I’ve seen polls over the years showing by and large that Native Americans across the country don’t find it offensive in any way. Or at the very least, they simply don’t care.
Yesterday on Phoenix sports radio the jocks were discussing a recent poll where close to 90% of the tribes surveyed had no problem whatsoever with the word “Redskins”.
So then who is leading the charge to have this term banned? Who is taking it upon themselves to speak for groups who have already spoken for themselves?
From what I can tell: white people.
Yeah. There are a couple of tribal groups behind the scenes of the litigation that led to yesterday’s ruling. Though if the above mentioned polls are to be taken seriously – it’s a relatively small number. All I’d like is for the lawyers, the politically correct nuts, the media or anyone to show otherwise.
Sorry, but as a white guy with no NA heritage I can’t speak for Native Americans on the offensiveness of “Redskins”.
Perhaps I’m a bit biased myself as I can’t help but wonder how yesterday’s ruling might someday affect the Blackhawks. I just think that we, as a society, might be slowly erasing our past in some weak attempt to make ourselves feel better about the future.
Anyone care to guess what Oklahoma means? Honestly, I was a bit surprised myself.
Illinois is a Native American term. What about the other 27 states with NA names? Or the hundreds of American cities (like Chicago)? New Mexico is named after Mexico (duh!) which apparently is named for the Aztec god, Mexitili. That has to piss off a few on the right of the political aisle as well, wouldn’t you think?
There seems to be a couple of stories on how the Redskins nickname came to be. Some say it has honorable origins; others say it was a business decision. I haven’t heard where it was done to be racist. Perhaps over the years, legends and traditions were merged and we’ll never know the real truth.
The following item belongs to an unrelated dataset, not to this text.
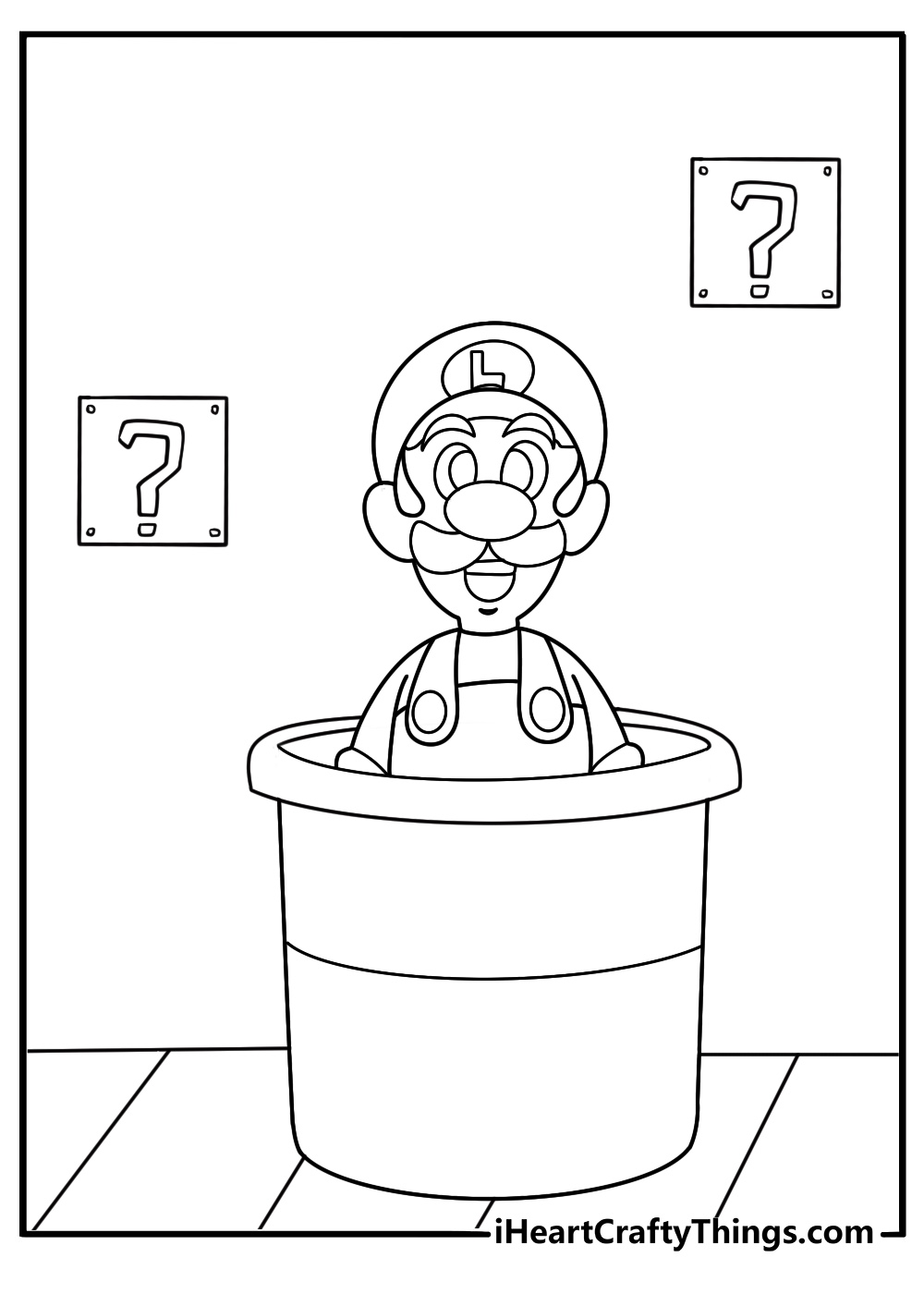 luigi emerging from a warp pipe free printable coloring page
Like others, I do believe that the momentum has finally shifted and the removal of the Redskins name has become inevitable; it really is a matter of time now.
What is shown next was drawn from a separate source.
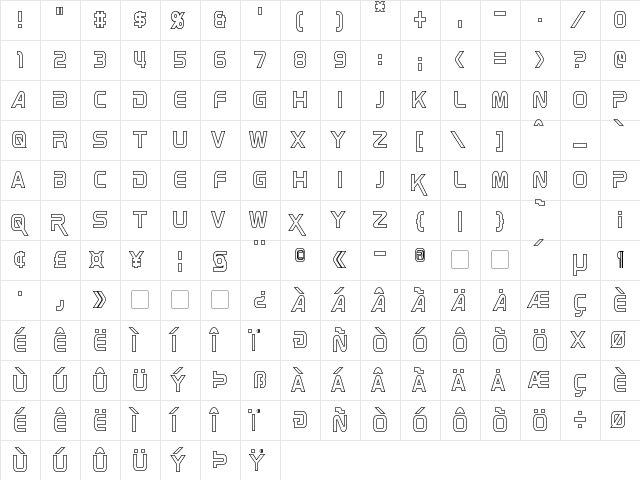 Zebulon Condensed Hollow Regular  glyph index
I just can’t help but wonder where this goes next.
End note: For the record, I understand that language evolves and cultural norms change. If I’m completely off base here, tell me how/why. God/Allah/Buddha/Elvis – and Mexitili – know I could stand to learn a thing or two about sensitivities.
Up next: N.
Is the name “Redskins” a humiliation (or “Braves” or “Blackhawks” or “Indians”) or the way some fans act out? There’s a difference.
In your New Orleans Saints example – the people throwing wafers and dressing up like priests might be bothersome more so than the team name.
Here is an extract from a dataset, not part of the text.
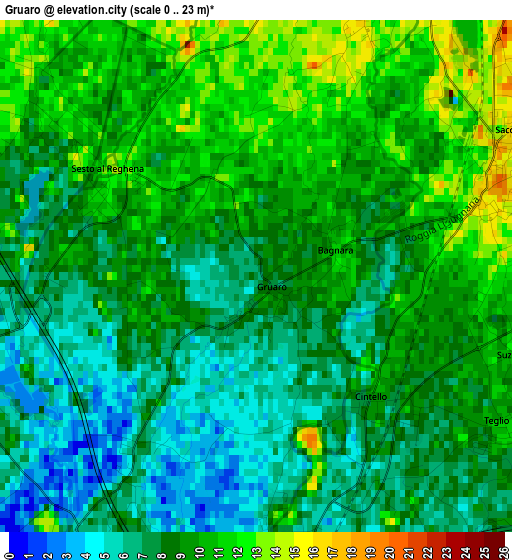 Gruaro elevation map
I can see the cause-and-effect relationship where if you eliminate the name, the elimination of certain actions will follow. Ok. I’ll buy into that.
Though I’d still think addressing people’s ACTIONS should be done as opposed to eliminating or changing the team name.
If you are a Native American trying to raise your children to be proud of who they are, a difficulty considering the present situation of many native Americans, there might be a problem when you see an obnoxious drunken white man dressed in a head dress, which is an important cultural artifact for most tribes, drooling, stumbling, swearing. Maybe an example closer to home would be if the New Orleans saints handed out white wafers like hosts and threw them in the air every time they scored a touchdown or fans dressed in priestly attire or women cheerleaders dressed in risqué nun outfits.
There are many native Americans against this humiliation of their race. In fact most of the native Americans I have met in my studies are opposed.